第7話 貴腐人の嗜み ※マリア視点

「ジュフフ、もっとやってちょうだい」


 私は職員室の中から外の様子を見ていた。あのマーブル商会の長男が弟を溺愛しているとは思いもしなかった。


 前世で爆発的に売れた"恋する魔法学園"に転生した貴腐人の私は、やっとBLモブルートである彼に会うことができた。


 原作では顔は常に光で見えなかったが、実物は直接見るのも辛いぐらい美少年だった。正直言って婚約者である皇太子のレオンよりイケメンだ。


 どこがモブなんだろうと疑問に思ったが、ゲームのBLルートである存在がやはりブサイクなはずがなかった。


「マリアさん大丈夫ですか?」


「あっ、今は外に出れないのですみません」


 中々外に出ない私に教師の一人が声をかけてきた。この先生もBLルートの攻略対象の一人だ。


 そんな私もこのゲームの中では悪役令嬢と言われているマリア・カーティスだった。


 目が覚めた瞬間に自分が、この世界に転生したことはすぐにわかった。何度も伸ばしても伸びない金髪のドリルヘアー。どれだけこの人物に苦しめられたか、BLルート以外をクリアした私はマリアの存在を一番知っている。


 婚約者であるレオン一筋で、この国の皇太子妃になるために周りの令嬢達に嫌がらせをして、断罪される令嬢。それが本来の私の役目だ。


 だが、貴腐人の私がこの世界に来たからには彼女……いや、私の人生は私が変える。


 BLルートの存在を知っている私からすれば、リアルBLライフを楽しめないのは勿体ない。


 全貴婦人……いや、腐った大人達の夢は私が叶えるつもりだ。


 現に目の前ではイケメン二人が絡み合っている。(※ここではカイトがタンジェの頭を撫でているだけだ)


「あー、いいわ。まさかの兄弟愛がこんなとこで見られるなんて」 


 私は血眼になるぐらい目を見開き二人を見ている。まさか最終的にはレオンの側近になるタンジェのあんな姿を近くで見られるとは思いもしなかった。


 さすがBLルート神だ!


 ちなみにカイトと同じ時期に編入してくるのが、恋学のヒロインである。私はこのBLルートを邪魔する者には容赦なく虐めることを前から誓っている。

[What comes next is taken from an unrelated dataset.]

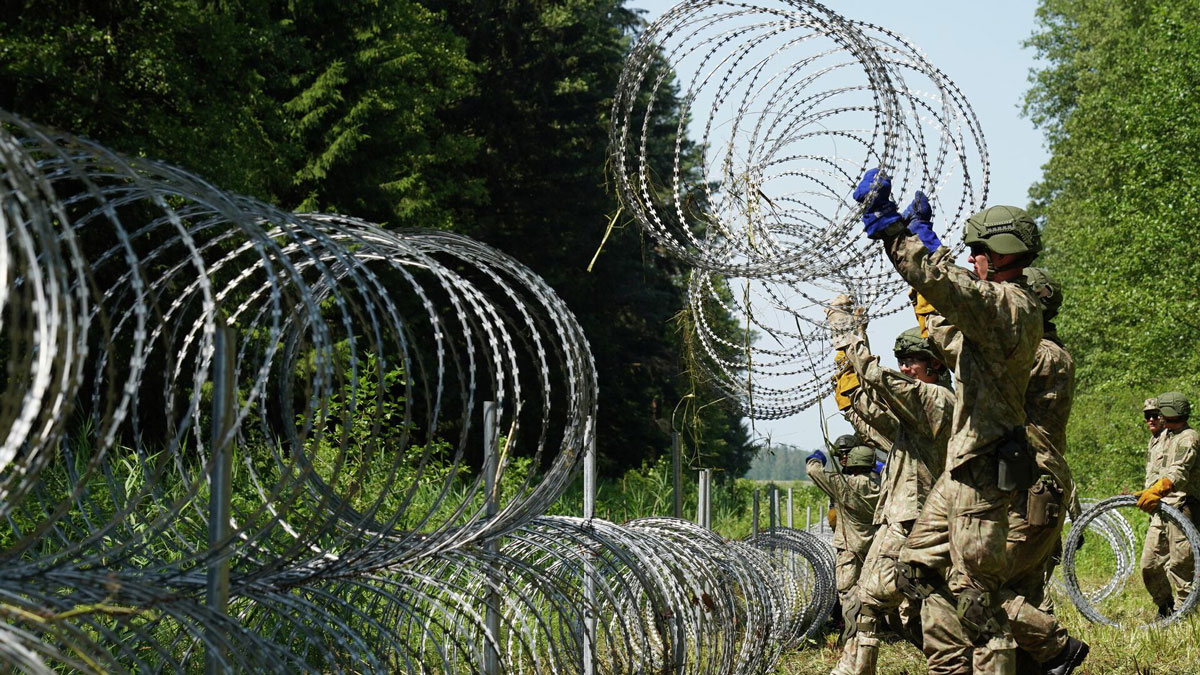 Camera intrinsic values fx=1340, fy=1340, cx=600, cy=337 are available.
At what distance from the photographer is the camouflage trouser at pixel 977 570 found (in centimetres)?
560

 断罪されるのは嫌だが、推し達が楽しく生きていけないのも嫌なのだ。


「マリアさん何か良からぬことを考えてませんか?」


「そんなことはないですわ。私も失礼しますわ」


 よだれが垂れていた私は急いで口元を拭いた。まだ先生が私を見ていたのだ。自分の趣味がバレたと思いドキドキするが、そこは長年学んだ貴族の演技で焦りを外に出さないように演じる。

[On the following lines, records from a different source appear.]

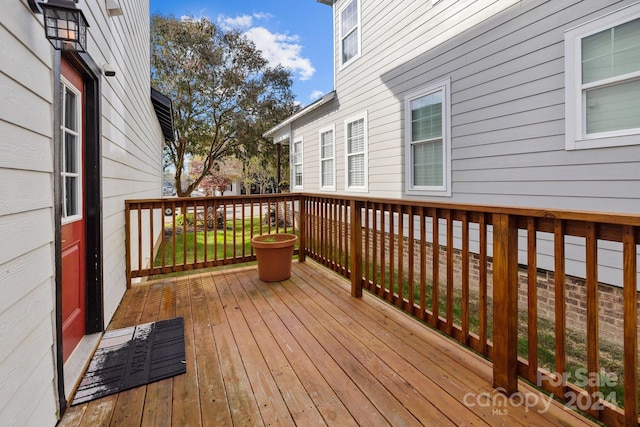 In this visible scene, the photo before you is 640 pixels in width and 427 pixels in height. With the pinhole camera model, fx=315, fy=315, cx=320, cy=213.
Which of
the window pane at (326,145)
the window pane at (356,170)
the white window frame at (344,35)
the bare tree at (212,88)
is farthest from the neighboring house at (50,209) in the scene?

 スカートの裾を持って、軽く膝を曲げて小さくお辞儀をする。


 この優雅なカーテシーをすれば、誰でも私のことを本物の貴族だと思うだろう。


 これが転生の時に得た私の転生特典だ。


 職員室から出た私は早速寮に戻ることにした。


「グフフ、これで二次元創作が捗り……あっ、ご機嫌よう!」


 どれだけ気持ち悪い姿を見せたとしても、カーテシーをすれば多少安全なのよ。